Yönlenme Yönlenme, polimer zincirlerinin birbirlerine paralel olacak şekilde düzenlenmeleri anlamında kullanılan bir kavramdır. Yönlenmeyle polimer zincirleri birbirlerine yaklaşır ve polimer zincirleri arasındaki ikincil etkileşimler artar. Bunun sonucu polimerin kopma kuvveti gibi mekanik özellikleri gelişir, kristal oranı yükselir. Amorf polimerler izotropik (incelenen özelliğin gözlem yönünden bağımsız olması) davranış gösterirler ve yönlendirildiklerinde belli derecede kristallik kazanarak anizotropik (incelenen özelliğin gözlem yönüne bağlı olması) davranışa geçer. Örneğin, yönlenmiş polimerlerde ışık kırma indisinin değeri polimer zincirlerine paralel ve zincirlere dik doğrultuda farklıdır. Yönlenmenin etkisiyle zincirlere dik dik doğrultuda ışık daha fazla kırılır. Ayrıca, lifler ve filmler halinde yönlendirilerek kullanılan polimerik ürünlerde çözücülerde şişme davranışı, sıvı geçirgenliği gibi diğer bazı özellikler anizotropiktir.
Germe-çekme işlemi Lif veya film halindeki polimerik örnekler, laboratuvar koşullarında elle uygulanacak germe-çekme işlemiyle yönlendirilebilirler. Endüstride yönlenme uygun makinalarla yapılır. Liflerin yönlendirilmesinde uygulanan yaklaşımlardan birisi bir bobinde bulunan lifi daha hızlı dönen başka bir bobine sarmaktır. Lifin sarılacağı bobinin dönme hızı ayarlanarak germe-çekme oranı kontrol edilir. Bir başka uygulamada ise lif, kendisinin bulunduğu bobinden çapı daha büyük olan ve aynı hızla dönen bir başka bobine sarılır. Germe-çekme işlemi sırasında lif bir noktada aniden incelir (boğaz oluşumu) ve germe-çekme süresince çekilmiş bölgedeki lifin çapı değişmez. Lifin inceldiği ilk yere boğazlanma noktası veya akma noktası adı verilir.

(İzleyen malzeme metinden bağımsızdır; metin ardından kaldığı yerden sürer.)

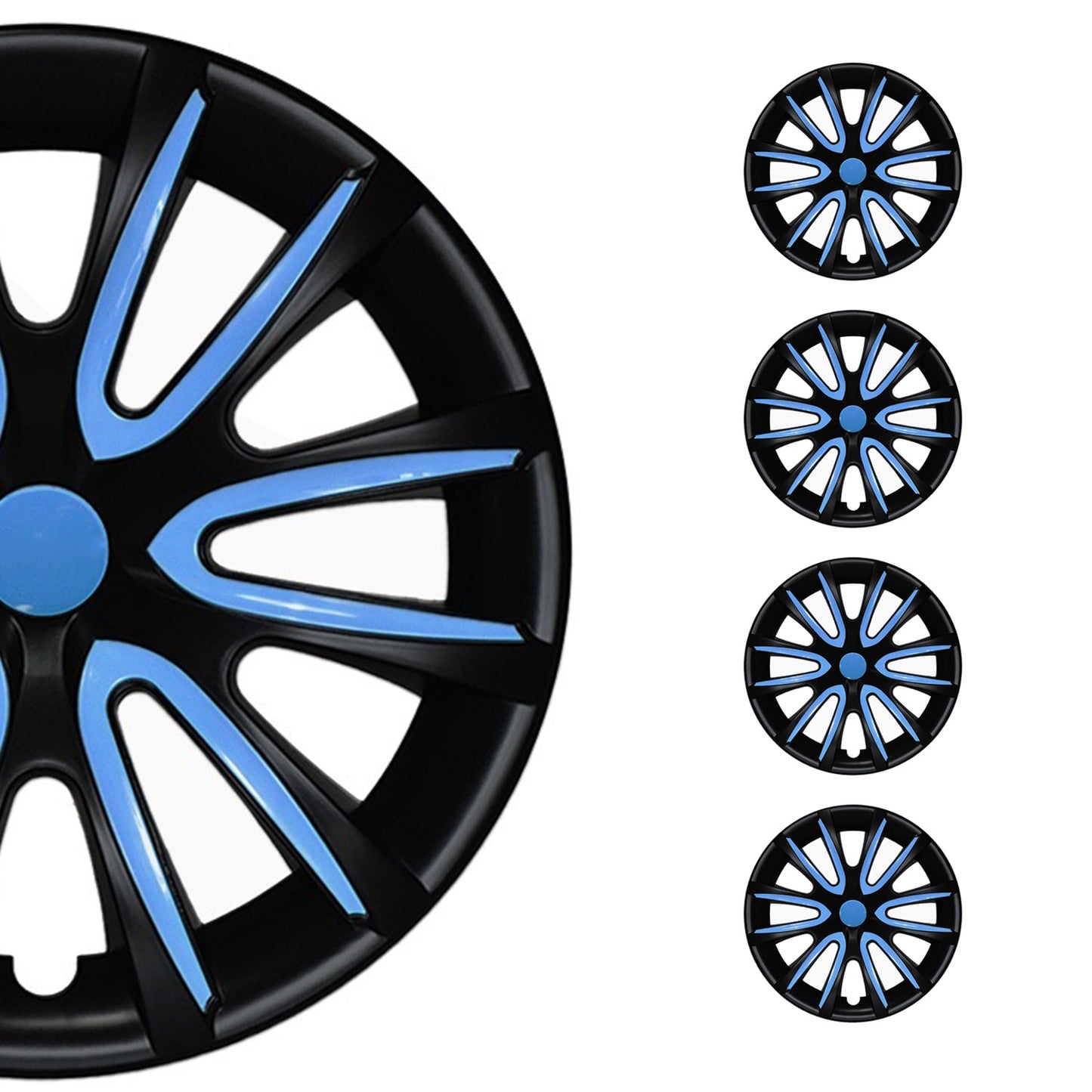 Bicolo Hub Caps Wheel Cover 16" Black Matt & Blue Full Set 4 pcs.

Germe-çekme işlemi polimerin camsı geçiş sıcaklığı altında uygulandığında soğuk çekme adını alır. Soğuk çekmede, zincir hareketliliğini sağlayarak yönlenmeye neden olacak enerji, mekanik enerjinin ısı enerjisine dönüşümüyle karşılanır. Endüstride daha sık kullanılan yöntem sıcak germe-çekmedir. Bu yöntemde lif veya film halindeki ürün polimerin camsı geçiş sıcaklığı yakınında veya üzerindeki sıcaklıklara ısıtılır ve çekilir. Camsı geçi sıcaklığı üzerinde polimer zincirleri yeterli hareket yeteneğine sahip oldukları için kolayca yönlenirler. Yönlenmenin kalıcılığı ise hızlı soğutma yapılarak sağlanır. Islak germe-çekme denilen bir başka yöntemde polimer önce uygun bir sıvıyla şişirilir ve daha sonra germe-çekme uygulanır. Son aşamada polimeri şişirmede kullanılan sıvı üründen uzaklaştırılarak yönlenme korunur. Bu yöntem, camsı geçiş sıcaklığı dolayında bozunan polimerlere uygulanır.
Elastomerlerin zincirleri de germe-çekme etkisiyle yönlendirilebilirler. Ancak, elastomerlerin zincirleri üzerinde bulunan kovalent bağlar etrafında dönme ve bükülme hareketleri kolay olduğu için (zincir esnekliği yüksek), germe kuvveti kaldırıldığında zincirler yeniden entropinin yüksek olduğu ilk konformasyonlarına dönerler. Uzun süreli germe-çekme etkisi altında gözlenebilecek kalıcı deformasyon az oranda çapraz bağ ile önlenir.